The ampere is that constant current which, if maintained in two straight parallel conductors of infinite length, of negligible circular cross-section, and placed one metre apart in vacuum, would produce between these conductors a force equal to 2×10⁻⁷ newtons per metre of length.

(The present SI definition defines the coulomb as a fixed multiple of the elementary charge.)

A more down-to-earth explanation of choice of words is that the authors were sloppy. Maybe the book was originally (in 1965) written for CGS-Gaussian units and the phrase made more sense in the original explanation.

Answer 2

It’s not circular at all. The early chapters are concerned with charges at rest; here their electric fields are given by Coulomb’s law.

The chapter where this new definition appears is about the fields of moving charges, a topic which has not yet been covered. In this more general context, Coulomb’s law doesn’t work anymore, so we start over with new definitions. Before, it was trivial to define charge; now, it isn’t, so it’s useful to start with a definition of it.

Answer 3

I think it can be justified because we can only know that there are charges there due to the effect in other charges. And that effect is expressed mathematically by the electric field.

So, using test charges outside at several distances, it is possible to evaluate the field. While the charges are the source of the field, and on this way more fundamental so to speak, they are only known due to its effects, due to the field they create.

An example where we could imagine it could also be done, let's take mass as the source of the gravitational field.
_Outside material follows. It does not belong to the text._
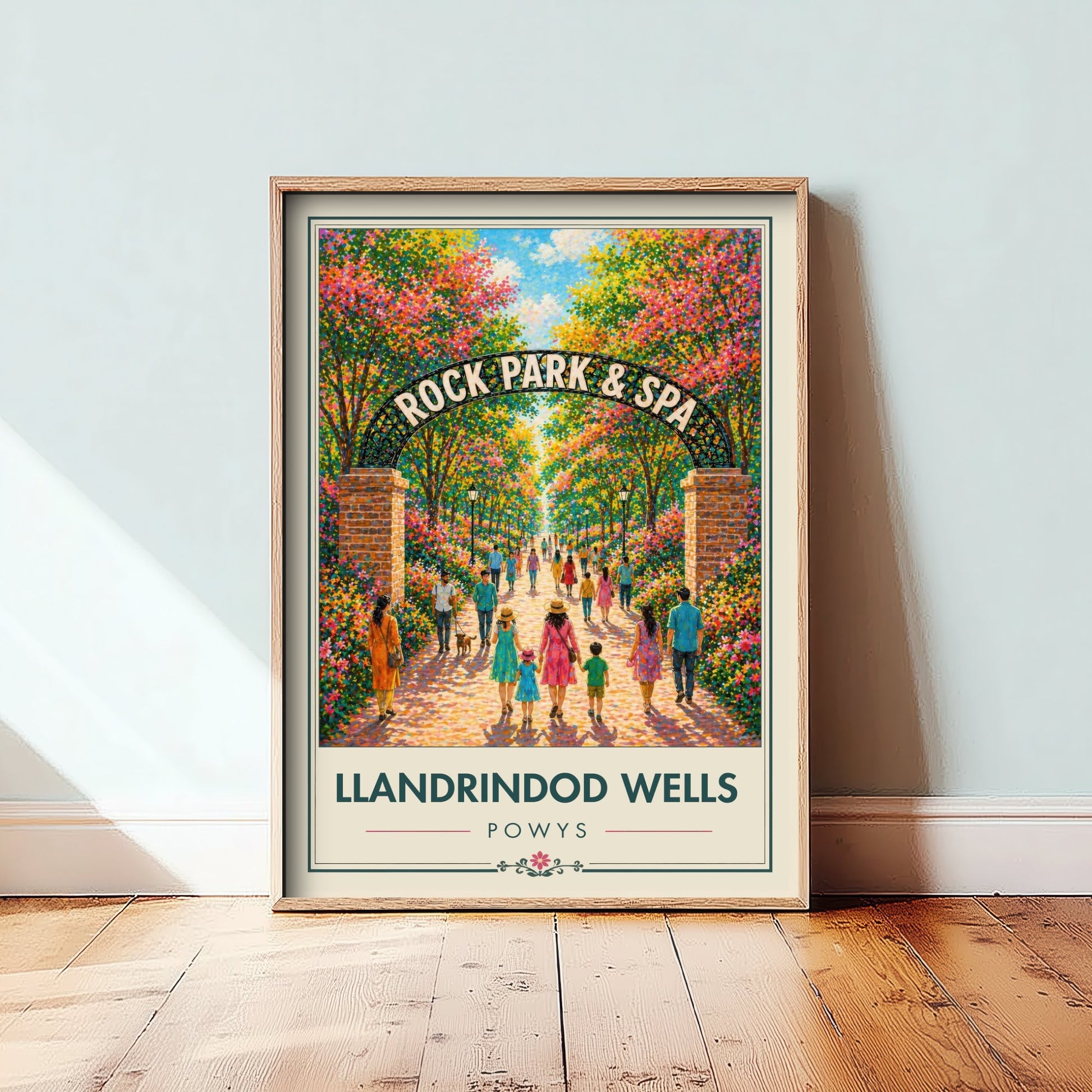 Llandrindod Wells Powys Travel Poster - Art Print - Vibrant Illustration - Rock Park Spa Wall Art 2/3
According to Newton's gravitational law, there is an acceleration outside any mass $M$ given by: $$|\mathbf a| = \frac{GM}{r^2}$$

The reason for not defining mass as $$M = \frac{ |\mathbf a|r^2}{G}$$ is that mass, for all everyday objects, has other and much bigger effect than the gravitational one. It is the inertial property, expressed by the relation: $\mathbf F = m\mathbf a$.

So, the gravitational effect of mass is only meaningful for huge masses, in the scale of planets. And its main effect in the normal life has nothing to do with its gravitational field.

It is not the case of charges and electric field. The latter is the sole effect of charge, and can be used as its definition.